Les 50 chefs qui font Paris #19 : rencontre avec Stéphanie Le Quellec (La Scène)
Plus jeune, avant de s’installer pour de bon sur l’une des avenues les plus prestigieuses au monde et bien avant Top Chef, Stéphanie Le Quellec, passionnée de cuisine deuis toujours, se voyait tenir une maison traditionnelle en banlieue. « Deux en cuisine, deux en salle », à envoyer des « steaks au poivre et des filets de sole en brioche », du côté d’Enghien-les-Bains. Stéphanie Le Quellec n’est pas issue du sérail gastronomique. Elle n’est pas une « fille de ». Elle ne fréquentait pas les étoilés dès son plus jeune âge. Son succès actuel – étoilée neuf mois après son arrivée à La Scène, le restaurant gastronomique du célèbre hôtel de luxe Art Déco Prince de Galles, – elle l’attribue avant tout à son travail et à sa pugnacité. « Je suis une besogneuse, je crois que le travail paye dans ce métier » confie-t-elle. Modeste, elle ne mentionne pas qu’au-delà de sa ténacité, son talent est l'artisan incontestable des différents succès qui ont émaillé sa trajectoire : sa montée en puissance au sein de l’une des plus prestigieuses brigades au monde, celle de Philippe Legendre, époque trois-étoiles au Cinq voisin, son accession au poste de chef au luxueux resort de Terre Blanche, sous la houlette de Philippe Jourdin [Meilleur Ouvrier de France comme Philippe Legendre, NDLR] ou encore sa victoire lors de la saison 2 de Top Chef.

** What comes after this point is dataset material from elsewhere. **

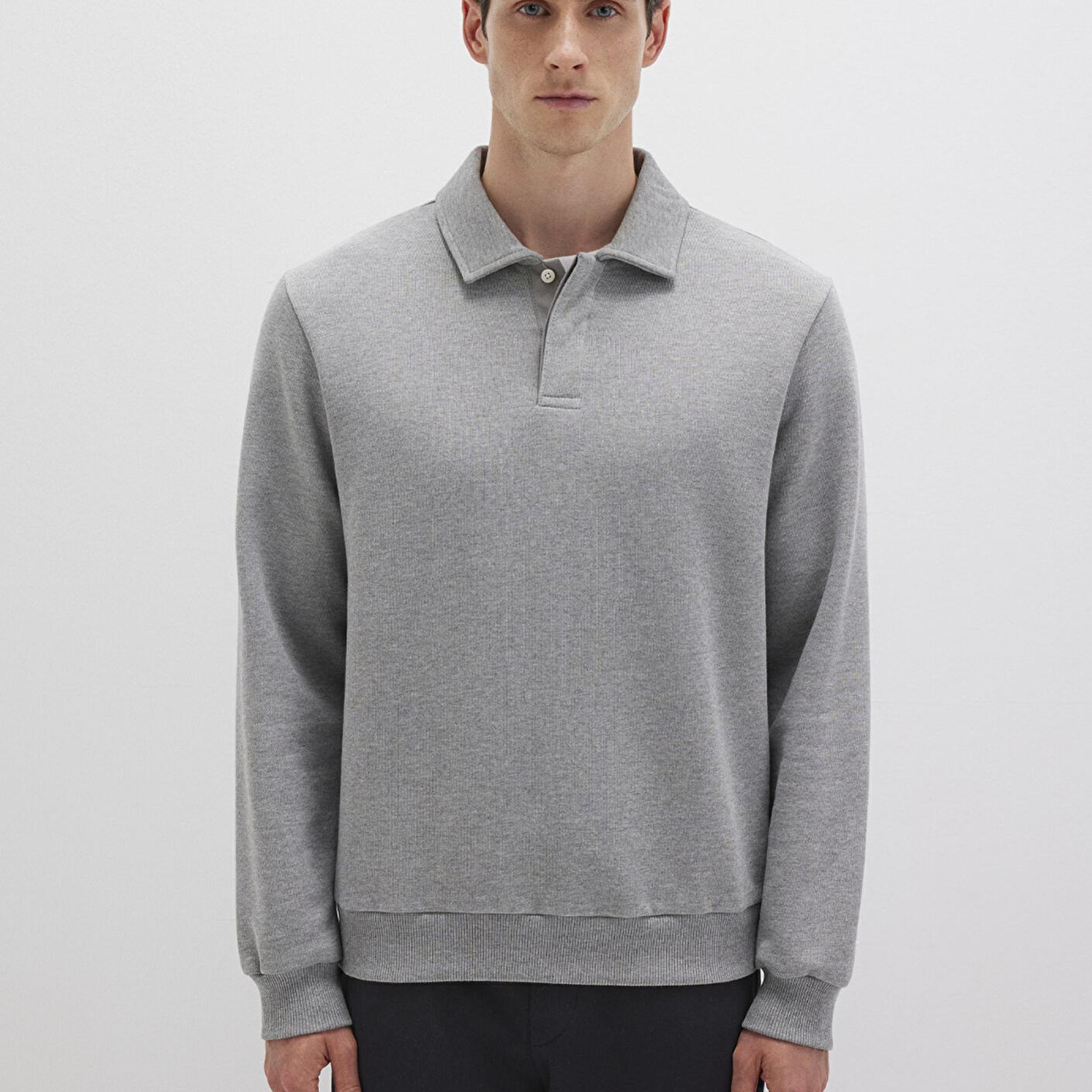 Mavi Polo Yaka Gri Sweatshirt 0S10420-80018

D’un pari perdu, Stéphanie Le Quellec a su transformer l’expérience télévisuelle en un formidable tremplin. Moins timide, plus sûre d’elle, concentrée sur « sa » cuisine plutôt que dans la reproduction de celle des autres, sa participation au show culinaire de M6 et sa rencontre avec le chef Jean-François Piège lui a-t-elle fait « gagner dix ans [de] carrière » comme l’avait suggéré Philippe Jourdin ? Impossible de savoir comment aurait évolué la jeune cheffe sans cette « étape de son apprentissage ». Si l’on ne peut refaire l’histoire, il peut être tenu pour acquis, et sans prendre trop de risques, d'affirmer qu’une belle carrière l’attendait, quoi qu'il arrive, Top Chef ou pas. Et attention, rappelez-vous bien que Stéphanie Le Quellec n’a « que » 35 ans. L’aventure est loin d’être terminée. Ce n’est même certainement qu’un début.
LES DÉBUTS DE STÉPHANIE LE QUELLEC
YONDER: Bonjour Stéphanie Le Quellec. Prenons quelques instants pour revenir sur vos débuts. Quel moment identifiez-vous comme un déclic dans votre vie de cuisinier ?
Stéphanie Le Quellec : la cuisine est d’abord une une évidence pour moi, depuis toute petite. La culture de la table, l’amour des bons produits, l’esprit de partage lors des grands repas familiaux, la gourmandise sont autant d’éléments qui m’ont amené vers la cuisine. D’ailleurs, enfant, je délaissais les poupées et la pâte à modeler pour faire des crêpes ou préparer des sablés.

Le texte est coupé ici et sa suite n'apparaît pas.